We hope to make each of these presentations available on the internet after the conference

To help set the mood, MMM Editor, Peter Kokh, who could not make it to this year’s event, contributed a Lava Tube Exhibit for the Moon Society’s Exhibit table.

The interior of this winding lava tube section can be viewed from both right and left ends, and via a cutaway of an elbow bend from the front.

Modeled inside are a “town settlement for 500 people” and a tower structure poking through a skylight opening, as well as some warehousing. The interior is lit by a string of battery powered LED lights inside a clear plastic tube slung from the tube ceiling. The tube itself is carved into 11 layers of 3/4″ insulation foam board.
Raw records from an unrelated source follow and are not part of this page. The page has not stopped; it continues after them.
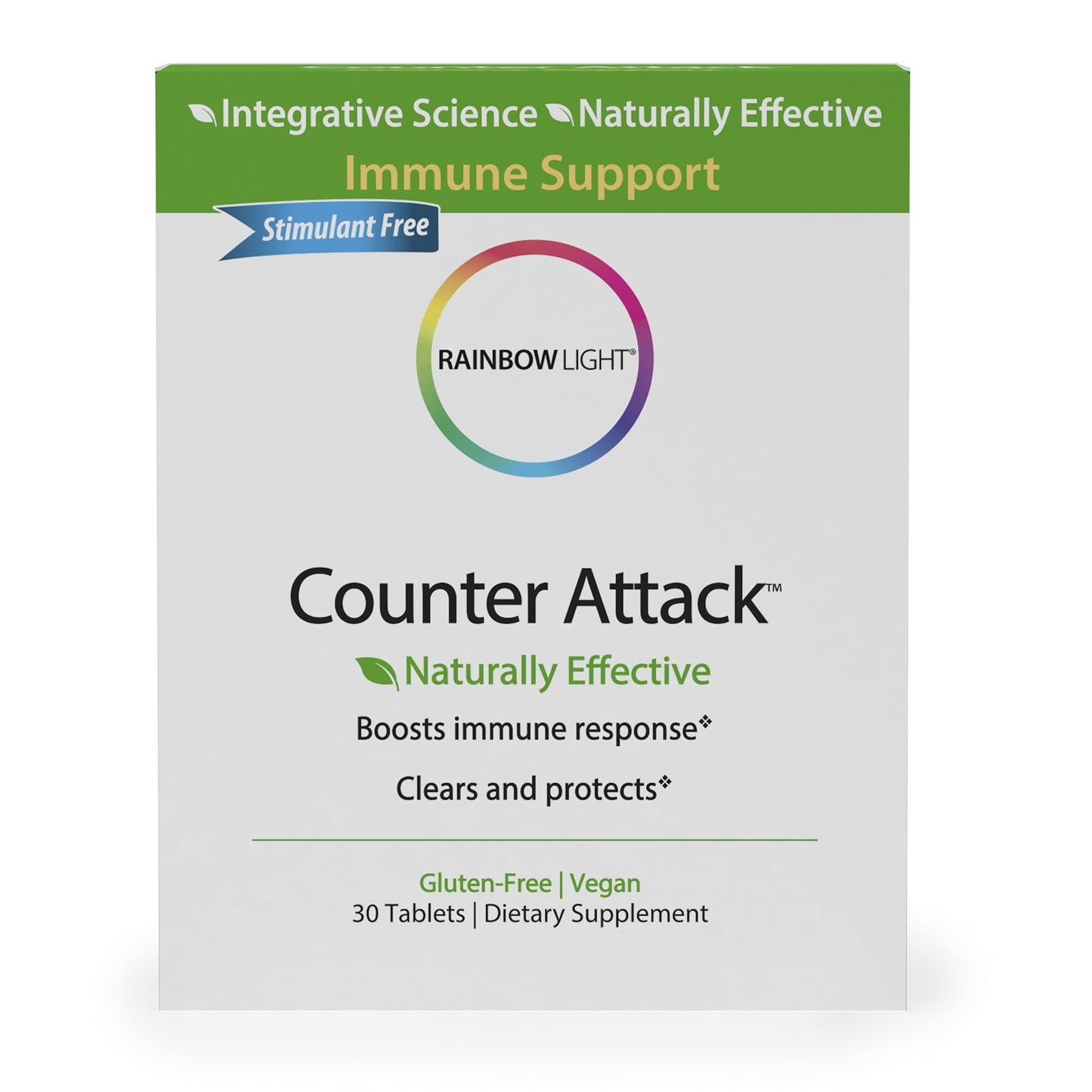 Rainbow Light Counter Attack Vitamin C and Zinc Supplement Tablet, 30 Tablets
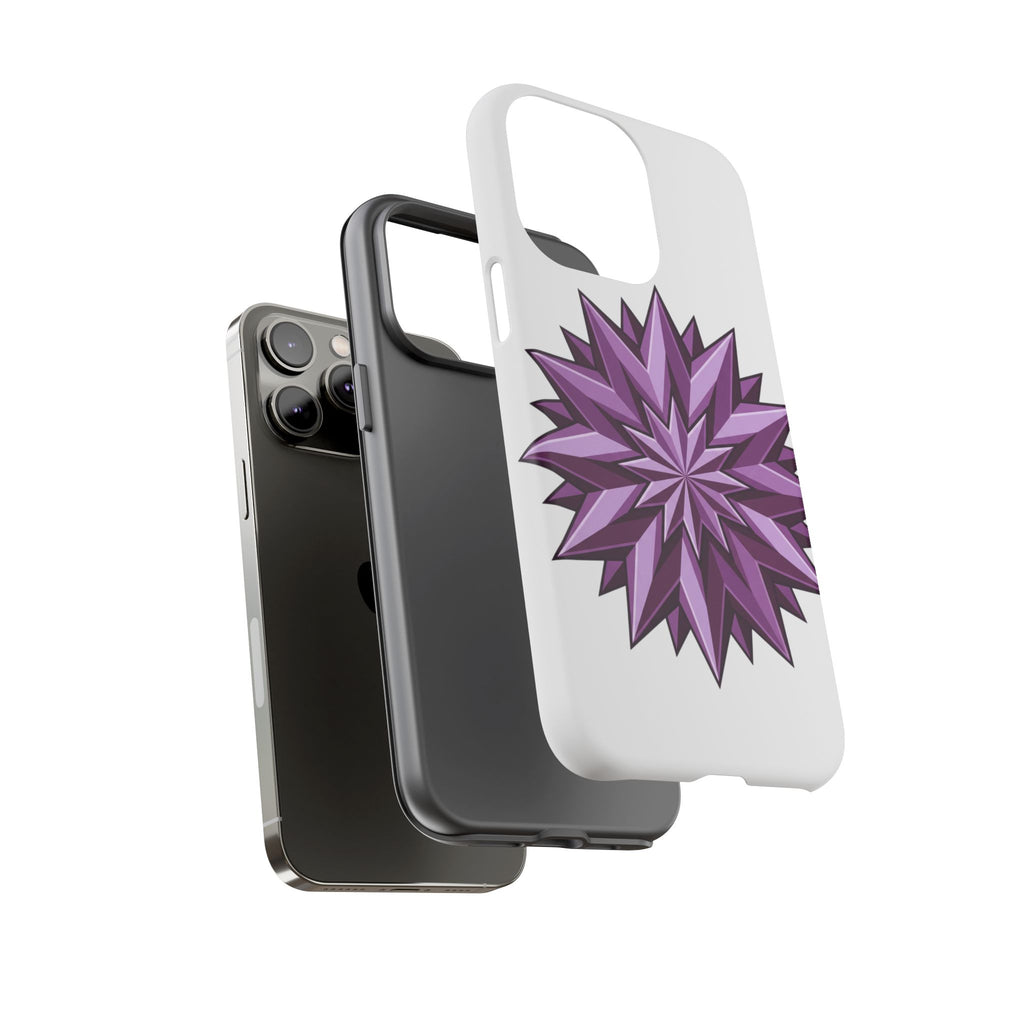 Purple Geometric Star Phone Case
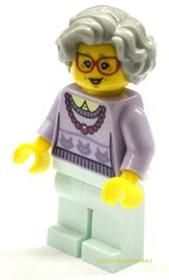 Minifigura 11. sorozat - Nagymama (kieg.nélkül)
The background image has two parts: above is a scene from the Apollo 17 mission as the astronauts were preparing to leave the Moon for the last time: “the end of the beginning.” The lower half of the background image looks into two terrestrial lavatubes. The message is not to judge the Moon by its surface: there is abundant sheltered volume below!

Text alongside the background image talks about lava tubes on the Moon: how they were formed and where we will find them, etc.

Text on the “apron” in front of the exhibit, explains what the viewer is looking at inside.

The open green box toward the back of the right hand side is the LED control panel.

Instructions to replicate the exhibit are available on request from Peter Kokh.

After ISDC, the lightweight 15 lb, 24″x36″x9″ exhibit will go to Dallas for the upcoming annual Moon Day event.